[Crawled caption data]
[Start of Attachment]
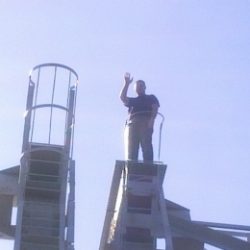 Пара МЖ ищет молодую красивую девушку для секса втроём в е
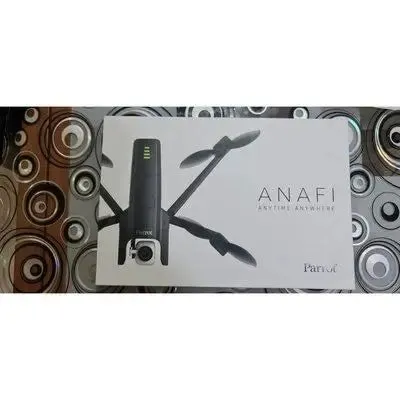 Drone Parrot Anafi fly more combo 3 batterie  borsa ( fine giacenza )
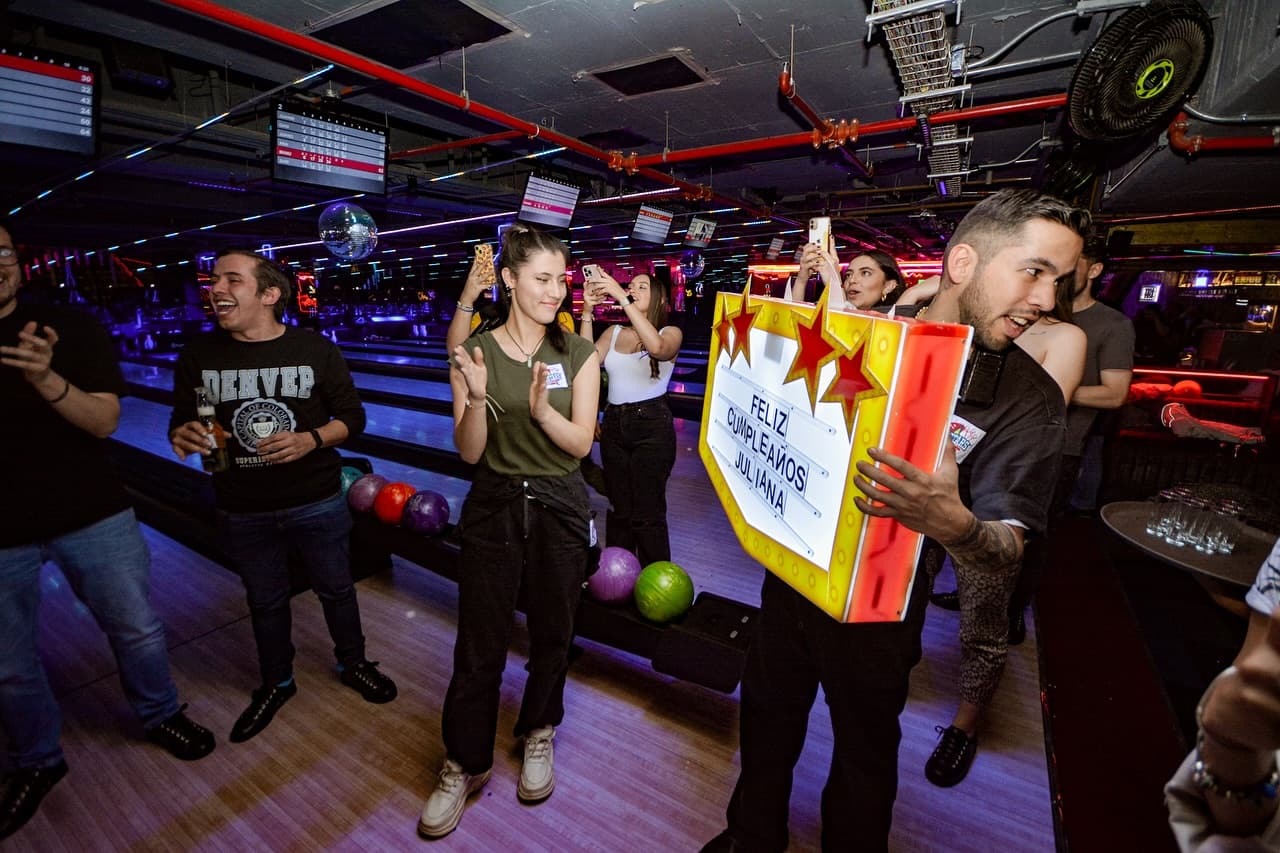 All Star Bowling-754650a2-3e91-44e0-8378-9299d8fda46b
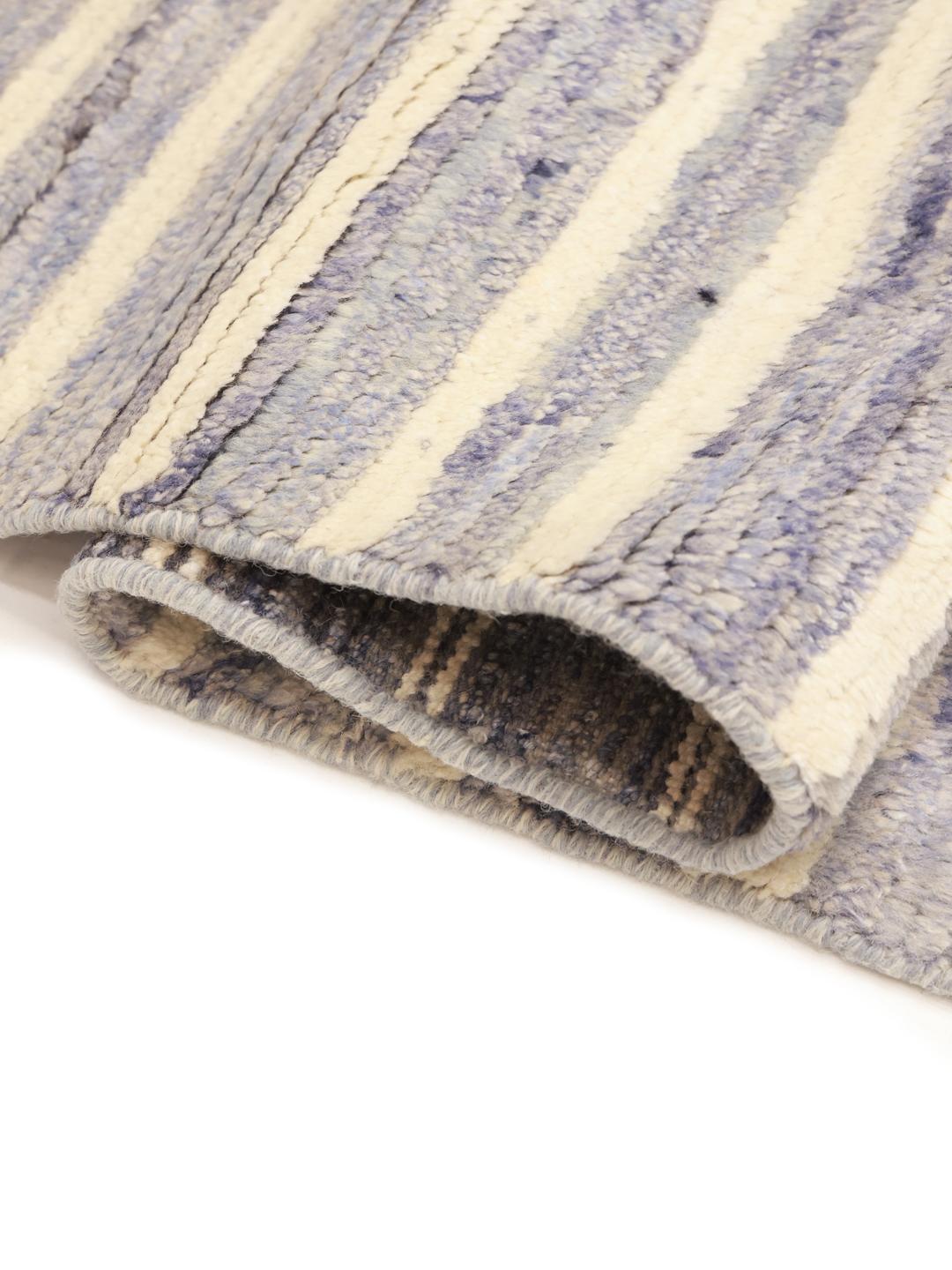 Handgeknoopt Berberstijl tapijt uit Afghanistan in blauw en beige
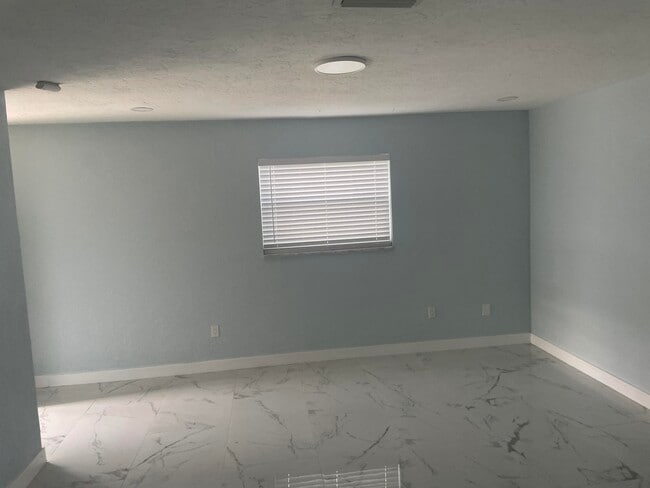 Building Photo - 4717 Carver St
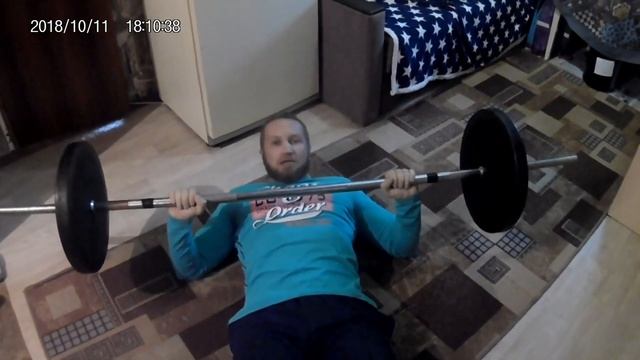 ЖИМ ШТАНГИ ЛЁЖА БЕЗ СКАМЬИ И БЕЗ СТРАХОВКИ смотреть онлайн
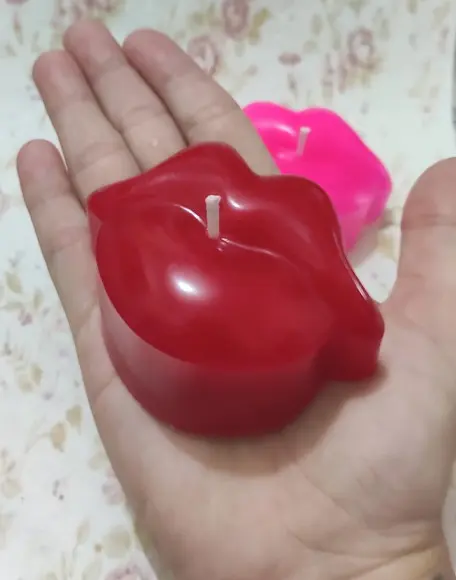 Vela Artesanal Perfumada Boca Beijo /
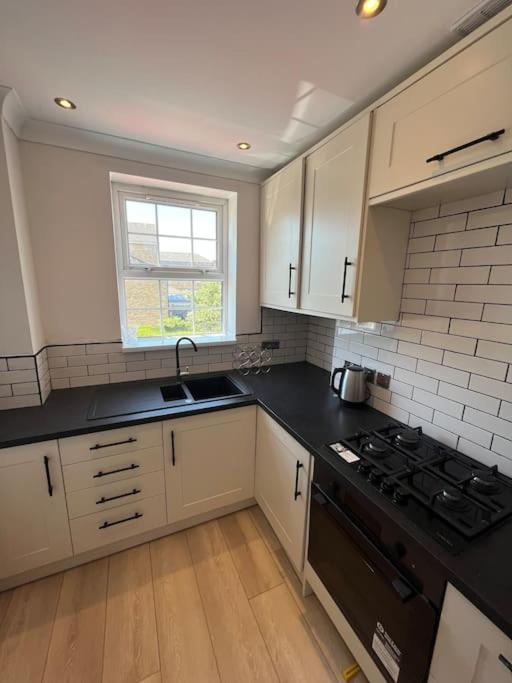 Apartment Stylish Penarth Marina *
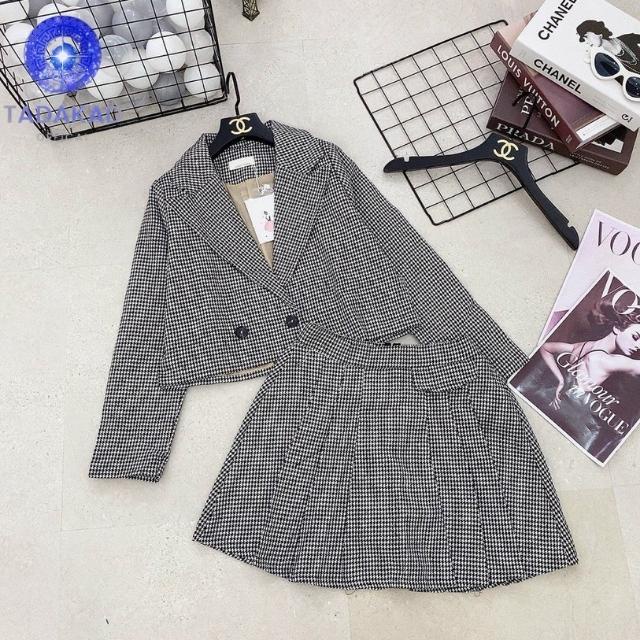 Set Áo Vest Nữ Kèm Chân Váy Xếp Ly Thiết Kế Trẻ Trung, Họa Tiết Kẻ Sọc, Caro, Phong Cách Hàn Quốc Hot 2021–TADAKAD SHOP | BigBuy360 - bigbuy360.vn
[End of Attachment]
■ To do: Repeat the lines of the records verbatim, starting at the line containing "Apartment Stylish Penarth Marina *" and stopping after the final line. Images stay out.

■ Answer section:
 Apartment Stylish Penarth Marina *
 Set Áo Vest Nữ Kèm Chân Váy Xếp Ly Thiết Kế Trẻ Trung, Họa Tiết Kẻ Sọc, Caro, Phong Cách Hàn Quốc Hot 2021–TADAKAD SHOP | BigBuy360 - bigbuy360.vn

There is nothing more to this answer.